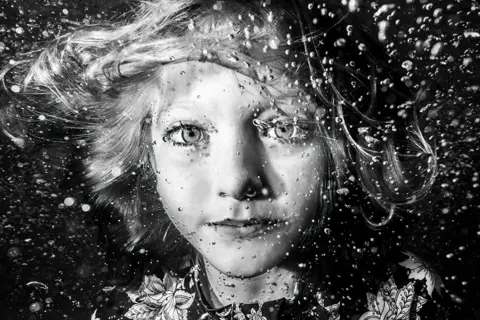 Kerrie Burow/UPY2022 A black and white portrait of a girl underwater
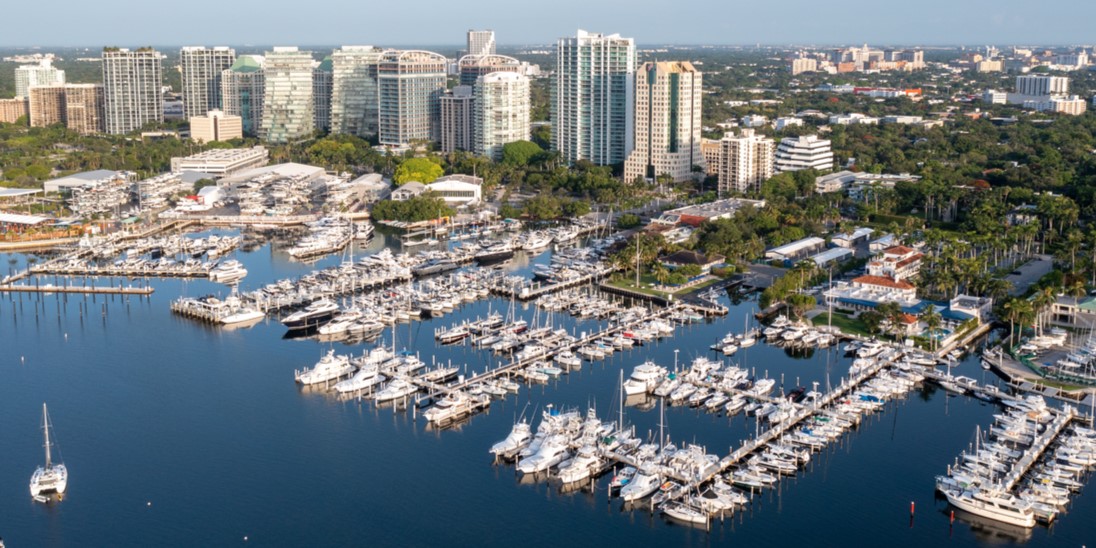 Aerial view of the Coconut Grove marina filled with boats beside high-rise buildings and lush greenery.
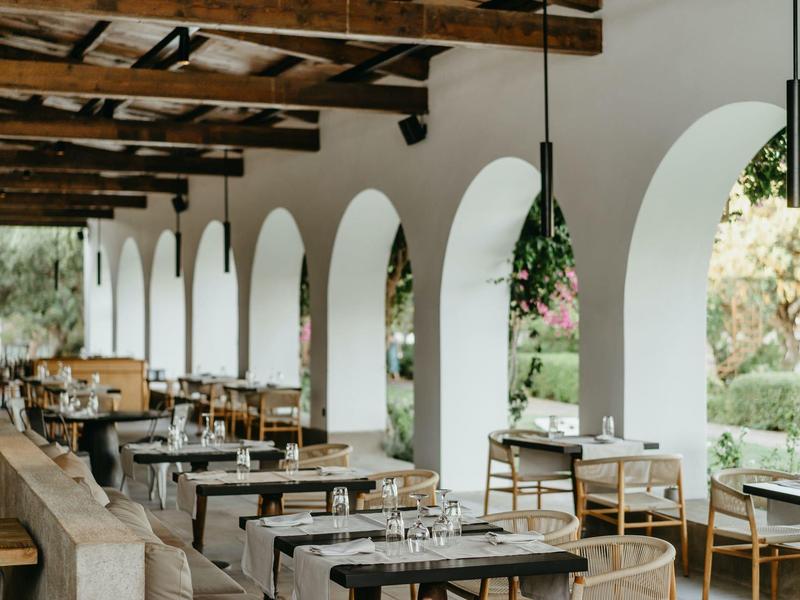 Terrasse couverte avec tables en bois et chaises, décorée de fleurs aux lampes suspendues.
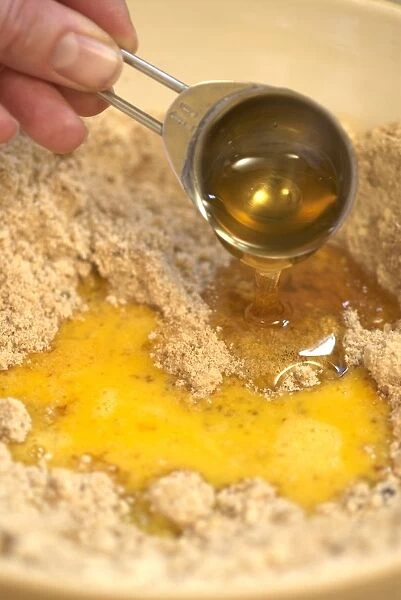 Hand pouring egg and syrup to biscuit mixture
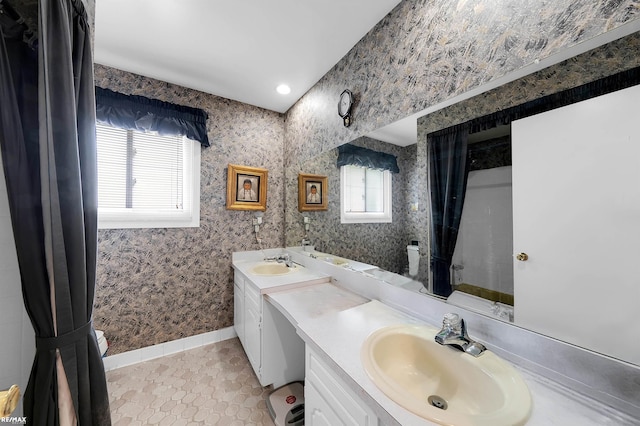 37601 Dartmouth Dr, Sterling Heights, MI 48310 - bathroom with tile patterned floors, double vanity, baseboards, and wallpapered walls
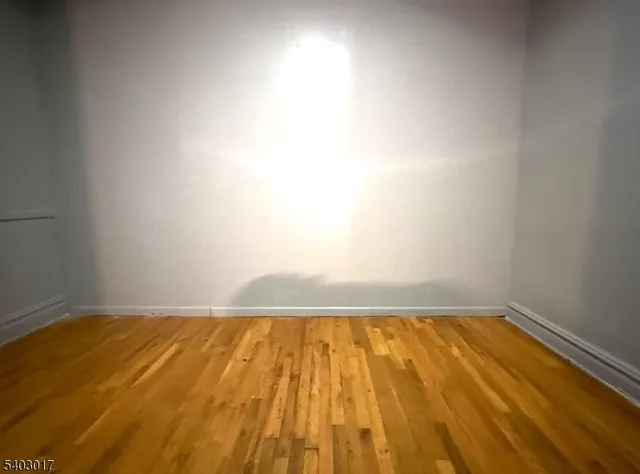 a view of room with wooden floor and window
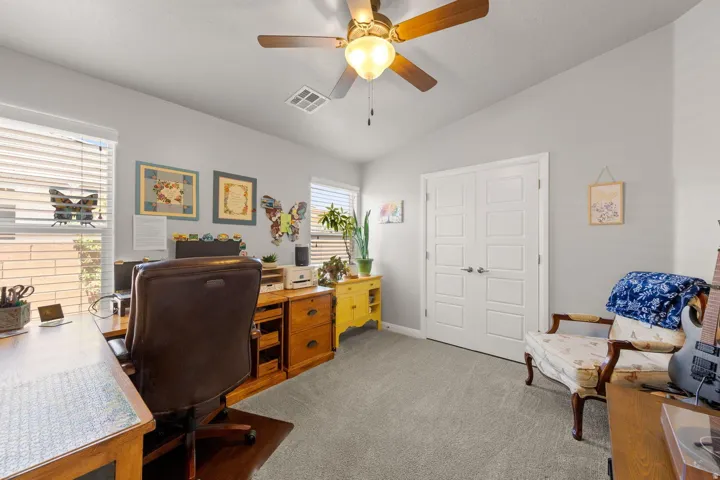 Carpeted room featuring dual windows with blinds, a ceiling fan with integrated lighting, and double panel doors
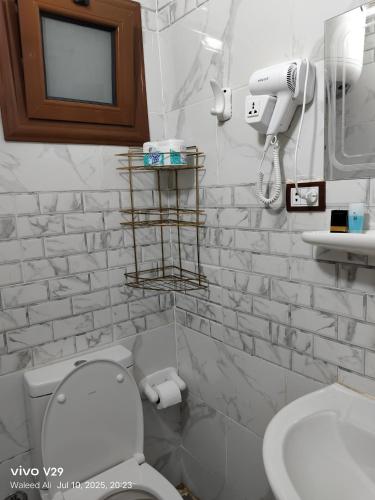 a white bathroom with a toilet and a sink at JJ Guesthouse in Aswan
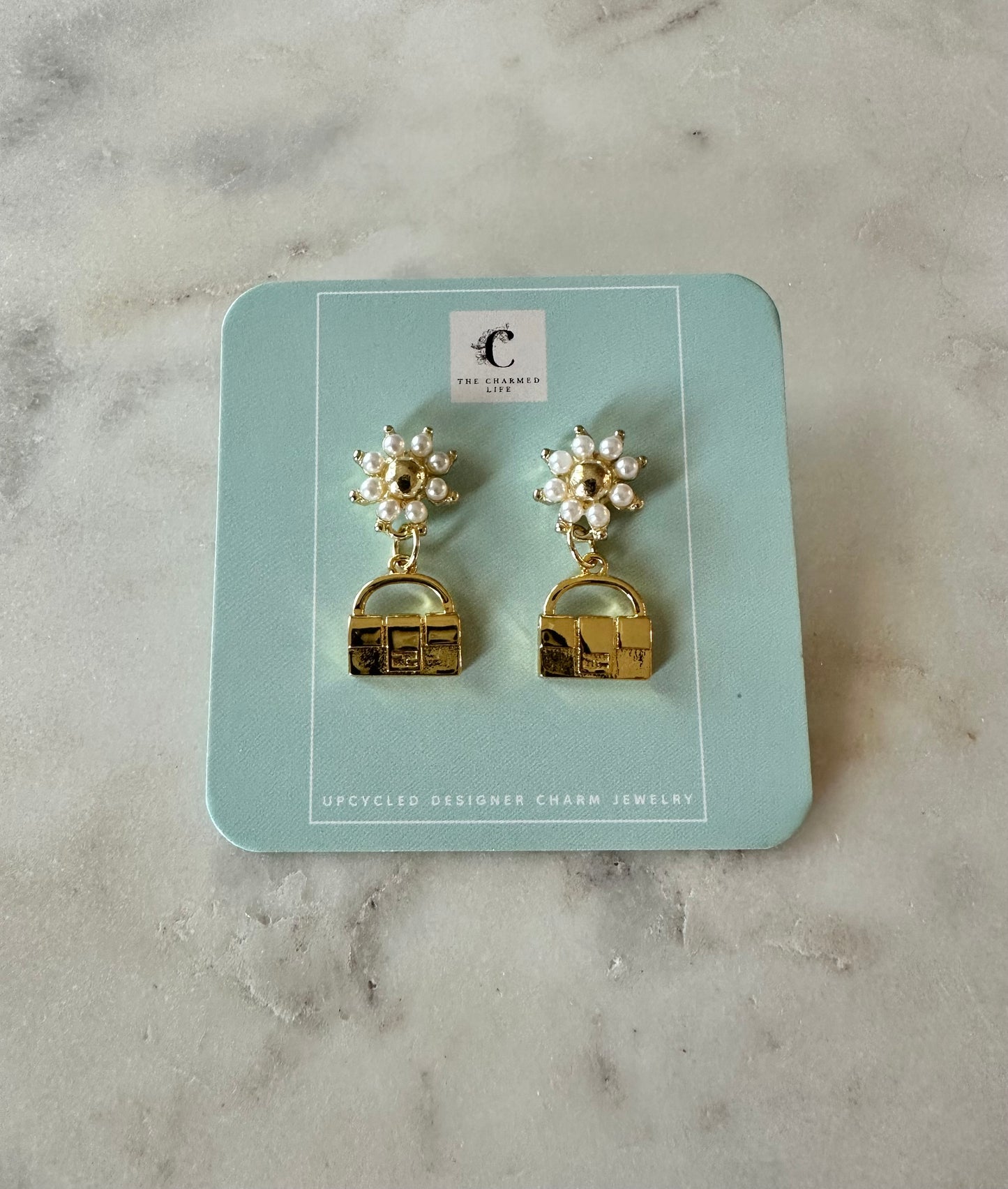 Fendi bag with faux pearl earrings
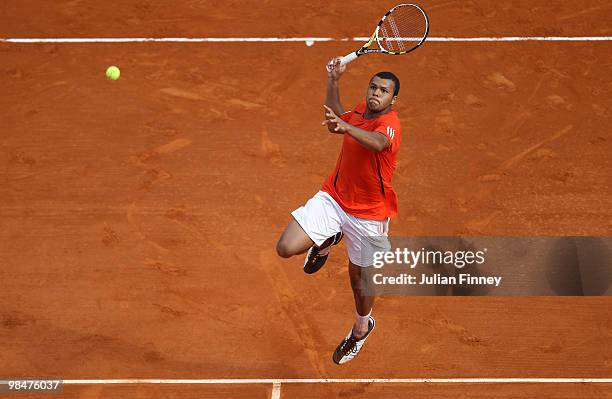 Jo-Wilfried Tsonga of France goes to play a smash in his match against Juan Carlos Ferrero of Spain during day four of the ATP Masters Series at the...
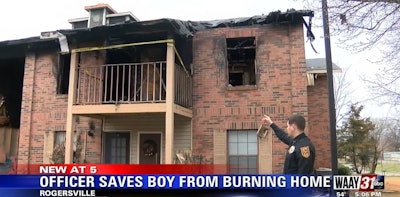 Rogersville, AL, police officer Tyler Dison points to the apartment where he rescued a 3-year-old from an arson fire Sunday. (Photo: WAAY screen shot)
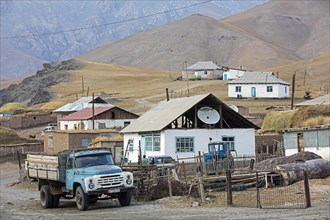 Old truck and houses in the small rural village Sary-Tash in the Alay Valley of Osh Region
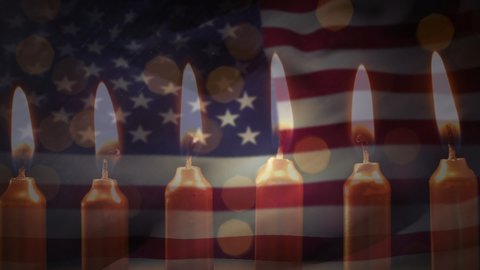 Animation of lit candles burning and flickering lights with a US flag billowing in the background
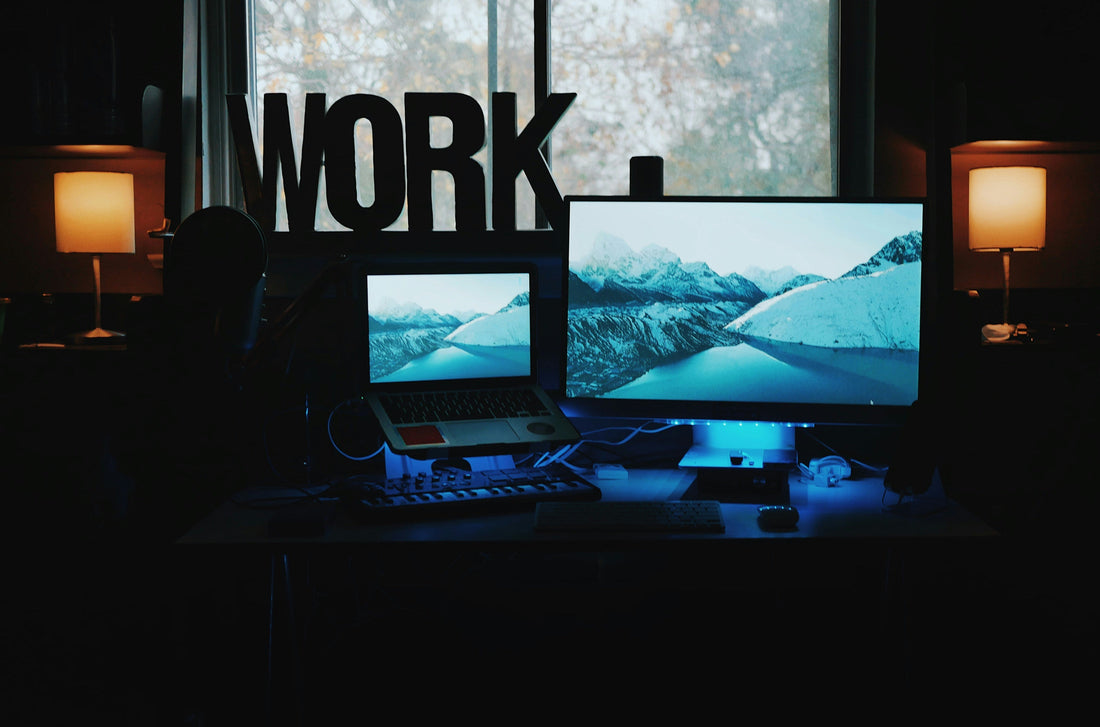 Focusory thumbnail of a professional working at a tidy desk with notebook and lamp, representing productivity and flow state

TASK INSTRUCTIONS
Would you please repeat all the data word for word, but without the pictures?

TASK SOLUTION
 Kerrie Burow/UPY2022 A black and white portrait of a girl underwater
 Aerial view of the Coconut Grove marina filled with boats beside high-rise buildings and lush greenery.
 Terrasse couverte avec tables en bois et chaises, décorée de fleurs aux lampes suspendues.
 Hand pouring egg and syrup to biscuit mixture
 37601 Dartmouth Dr, Sterling Heights, MI 48310 - bathroom with tile patterned floors, double vanity, baseboards, and wallpapered walls
 a view of room with wooden floor and window
 Carpeted room featuring dual windows with blinds, a ceiling fan with integrated lighting, and double panel doors
 a white bathroom with a toilet and a sink at JJ Guesthouse in Aswan
 Fendi bag with faux pearl earrings
 Jo-Wilfried Tsonga of France goes to play a smash in his match against Juan Carlos Ferrero of Spain during day four of the ATP Masters Series at the...
 Rogersville, AL, police officer Tyler Dison points to the apartment where he rescued a 3-year-old from an arson fire Sunday. (Photo: WAAY screen shot)
 Old truck and houses in the small rural village Sary-Tash in the Alay Valley of Osh Region
 Animation of lit candles burning and flickering lights with a US flag billowing in the background
 Focusory thumbnail of a professional working at a tidy desk with notebook and lamp, representing productivity and flow state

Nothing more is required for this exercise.